The organization I worked for was called the “Eater team”, where we focused on the consumer side of the product (the app you use to place orders). Our team created something called an Eater Graph, where you can picture an incredibly large network, say of cuisines, and they were each placed a certain distance from each other. Over time as the system learned more about each separate cuisine, it would adjust the distances between each cuisine. The proximity of one cuisine to another indicated how similar the cuisines were, for example an “Afghan” cuisine node would be closer to the “Persian” cuisine node than it would to “Korean”, but “Korean” would be closer to “Japanese” than to “Russian”.

This notion of similarity is what is known as cosine affinity, or cosine similarity and is how we can determine which nodes should be similar to another. Learning from the cuisine preferences of Eaters, the efficacy of the graph is based on how often someone who orders “Ethiopian” cuisine may order another cuisine, which shouldn’t come as a surprise because machine learning is all about generalizing knowledge when information is provided in aggregate, large volumes.
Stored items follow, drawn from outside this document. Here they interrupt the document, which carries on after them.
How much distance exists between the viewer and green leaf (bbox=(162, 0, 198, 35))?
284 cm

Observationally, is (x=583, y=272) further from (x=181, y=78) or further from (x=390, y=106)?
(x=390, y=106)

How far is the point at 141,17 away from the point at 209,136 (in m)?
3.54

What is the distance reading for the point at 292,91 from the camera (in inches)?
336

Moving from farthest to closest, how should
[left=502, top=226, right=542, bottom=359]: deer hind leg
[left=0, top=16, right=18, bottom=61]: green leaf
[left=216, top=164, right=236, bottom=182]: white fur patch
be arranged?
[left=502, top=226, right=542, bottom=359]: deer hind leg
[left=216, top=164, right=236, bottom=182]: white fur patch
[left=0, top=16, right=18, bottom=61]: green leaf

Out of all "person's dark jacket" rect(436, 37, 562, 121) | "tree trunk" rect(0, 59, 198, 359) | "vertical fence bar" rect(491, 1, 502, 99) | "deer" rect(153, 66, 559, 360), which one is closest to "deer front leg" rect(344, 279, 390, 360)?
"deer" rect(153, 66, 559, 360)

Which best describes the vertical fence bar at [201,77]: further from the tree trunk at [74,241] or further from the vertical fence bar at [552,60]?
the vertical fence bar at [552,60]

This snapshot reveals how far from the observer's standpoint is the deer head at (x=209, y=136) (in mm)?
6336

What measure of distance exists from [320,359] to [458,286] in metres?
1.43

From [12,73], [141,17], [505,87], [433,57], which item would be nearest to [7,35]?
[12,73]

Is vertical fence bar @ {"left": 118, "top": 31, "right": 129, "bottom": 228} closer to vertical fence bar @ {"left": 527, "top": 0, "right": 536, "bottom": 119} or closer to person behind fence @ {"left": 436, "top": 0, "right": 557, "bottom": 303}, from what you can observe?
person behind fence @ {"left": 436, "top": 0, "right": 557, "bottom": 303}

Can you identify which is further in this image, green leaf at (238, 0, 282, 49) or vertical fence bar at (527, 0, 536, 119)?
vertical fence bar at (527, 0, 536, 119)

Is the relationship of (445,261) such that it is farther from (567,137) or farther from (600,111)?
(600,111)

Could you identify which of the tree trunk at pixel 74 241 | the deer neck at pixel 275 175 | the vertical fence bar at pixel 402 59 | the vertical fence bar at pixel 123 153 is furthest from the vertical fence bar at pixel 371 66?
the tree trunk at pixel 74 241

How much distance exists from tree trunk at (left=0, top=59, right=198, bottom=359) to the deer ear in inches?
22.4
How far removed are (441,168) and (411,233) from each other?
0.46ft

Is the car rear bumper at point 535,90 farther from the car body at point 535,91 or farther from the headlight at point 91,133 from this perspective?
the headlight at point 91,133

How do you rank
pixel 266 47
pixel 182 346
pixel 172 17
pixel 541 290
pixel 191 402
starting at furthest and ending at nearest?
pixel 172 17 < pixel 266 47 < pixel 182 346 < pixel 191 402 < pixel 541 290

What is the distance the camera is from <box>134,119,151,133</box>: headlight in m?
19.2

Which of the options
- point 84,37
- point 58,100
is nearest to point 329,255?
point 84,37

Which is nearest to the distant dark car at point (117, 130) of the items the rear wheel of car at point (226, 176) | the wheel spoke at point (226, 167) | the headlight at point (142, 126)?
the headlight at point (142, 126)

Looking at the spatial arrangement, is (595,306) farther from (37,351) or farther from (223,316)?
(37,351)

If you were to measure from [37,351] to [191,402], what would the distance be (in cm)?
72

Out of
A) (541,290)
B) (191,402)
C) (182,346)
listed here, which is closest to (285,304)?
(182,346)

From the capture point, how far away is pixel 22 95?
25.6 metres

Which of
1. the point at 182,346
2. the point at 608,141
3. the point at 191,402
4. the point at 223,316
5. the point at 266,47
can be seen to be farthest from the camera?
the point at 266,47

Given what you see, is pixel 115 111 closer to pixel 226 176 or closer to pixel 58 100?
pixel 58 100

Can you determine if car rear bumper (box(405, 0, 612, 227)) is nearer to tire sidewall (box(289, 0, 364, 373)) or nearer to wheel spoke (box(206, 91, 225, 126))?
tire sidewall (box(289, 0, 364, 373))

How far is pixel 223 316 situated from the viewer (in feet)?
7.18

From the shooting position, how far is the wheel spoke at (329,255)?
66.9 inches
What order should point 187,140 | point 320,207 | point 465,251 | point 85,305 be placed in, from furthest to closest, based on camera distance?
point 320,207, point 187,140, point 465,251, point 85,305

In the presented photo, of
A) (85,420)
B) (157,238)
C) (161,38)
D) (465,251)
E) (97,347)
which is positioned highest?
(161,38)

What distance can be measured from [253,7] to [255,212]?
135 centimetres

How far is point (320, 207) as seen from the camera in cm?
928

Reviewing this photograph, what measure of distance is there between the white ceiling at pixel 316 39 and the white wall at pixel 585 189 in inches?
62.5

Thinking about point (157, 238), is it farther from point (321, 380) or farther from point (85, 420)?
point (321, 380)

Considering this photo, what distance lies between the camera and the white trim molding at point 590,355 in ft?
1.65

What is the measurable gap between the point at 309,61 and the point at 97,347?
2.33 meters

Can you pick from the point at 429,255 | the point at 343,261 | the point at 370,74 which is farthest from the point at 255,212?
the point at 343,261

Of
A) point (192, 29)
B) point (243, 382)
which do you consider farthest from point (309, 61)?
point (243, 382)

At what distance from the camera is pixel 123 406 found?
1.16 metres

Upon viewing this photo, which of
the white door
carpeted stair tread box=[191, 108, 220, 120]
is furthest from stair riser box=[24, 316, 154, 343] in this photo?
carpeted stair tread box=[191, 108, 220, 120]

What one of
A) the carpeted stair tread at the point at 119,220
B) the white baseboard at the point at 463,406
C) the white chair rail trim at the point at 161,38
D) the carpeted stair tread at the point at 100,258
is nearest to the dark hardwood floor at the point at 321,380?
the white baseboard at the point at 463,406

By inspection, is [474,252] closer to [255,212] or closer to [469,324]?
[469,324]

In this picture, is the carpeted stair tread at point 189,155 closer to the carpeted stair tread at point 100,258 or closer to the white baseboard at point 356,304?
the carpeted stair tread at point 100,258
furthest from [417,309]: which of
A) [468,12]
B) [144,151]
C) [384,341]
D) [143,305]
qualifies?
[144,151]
Cosine affinity & distance

One can derive the cosine affinity by using the Euclidean dot product formula, which takes two vectors $\textbf{A}$ and $\textbf{B}$ and applies the following formula:

\textbf{A} \cdot \textbf{B}= \|\textbf{A}\| \|\textbf{B}\|\text{cos}\theta

We are effectively taking the Euclidean norms as values in our Euclidean function to determine the missing edge among these two vectors. In applying this formula, the value we derive ranges from $-1$ to $1$ . A value of $-1$ implies the two vectors are opposite each other (at an obtuse angle), the value $0$ indicates there is no correlation between the vectors, while $1$ indicates a positive correlation (at an acute angle).

While cosine affinity measures how similar the two vectors are to each other, cosine distance measures how distant and different they are from each other. This comes in handy in machine learning as a loss function (if one chooses to use this). To derive the cosine distance, we use the formula:

\text{cosine distance}=1-\text{cosine similarity}

The values of the cosine distance ranges from $0$ to $2$ , with the $0$ meaning they are identical vectors, the $1$ indicating there is no correlation, and $2$ indicating the two vectors are absolutely different.

With this simple concept, you can begin to develop and maintain an ongoing graph that uncovers the ontology and relationship between different entities you are looking to represent. From this, you may uncover certain elements are more similar to each other than one may think, and becomes a handy tool with recommendation algorithms.